Authored by craig.topper on Nov 11 2020, 1:09 PM.

Details

Summary

We can't store garbage in the unused bits. It possible that something like zextload from i1/i2/i4 is created to read the memory. Those zextloads would be legalized assuming the extra bits are 0.

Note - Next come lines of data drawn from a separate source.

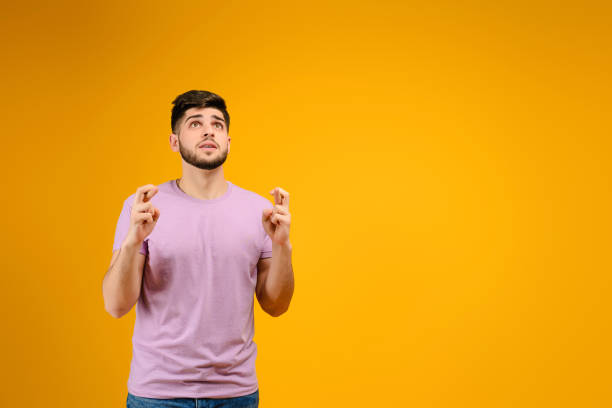 istock Young man isolated over bright yellow background 1161750055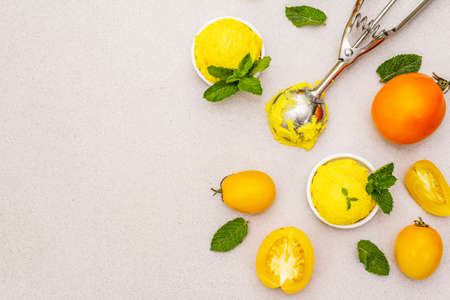 Yellow tomato ice cream, sorbet, gelato. Summer healthy refreshment dessert. Vegetarian (vegan) trendy food concept. With fresh vegetables and mint. Stone concrete background, copy space, top viewの写真素材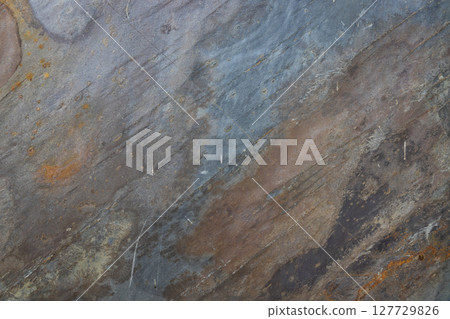 Textured Layered Stone Background with Rust Colors. Abstract Rock Surface 127729826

I'm not sure that the code in lowerStore is executed for the v1i1/v2i1/v4i1 case. It looks like the DAG combine in combineStore may have converted them to v8i1 first. And I think we're missing some cases to avoid going to the stack in the first place. But I don't have time to investigate those things at the moment so I wanted to focus on the correctness issue.

Should fix PR48147.

Diff Detail

Event Timeline

craig.topper created this revision.Nov 11 2020, 1:09 PM
Herald added a project: Restricted Project. · View Herald TranscriptNov 11 2020, 1:09 PM
Herald added a subscriber: hiraditya. · View Herald Transcript
craig.topper requested review of this revision.Nov 11 2020, 1:09 PM
RKSimon accepted this revision.Nov 12 2020, 1:34 AM

LGTM - there's a number of optimisations in the new kshift mask clearing codegen that we're missing but we can fix those up later.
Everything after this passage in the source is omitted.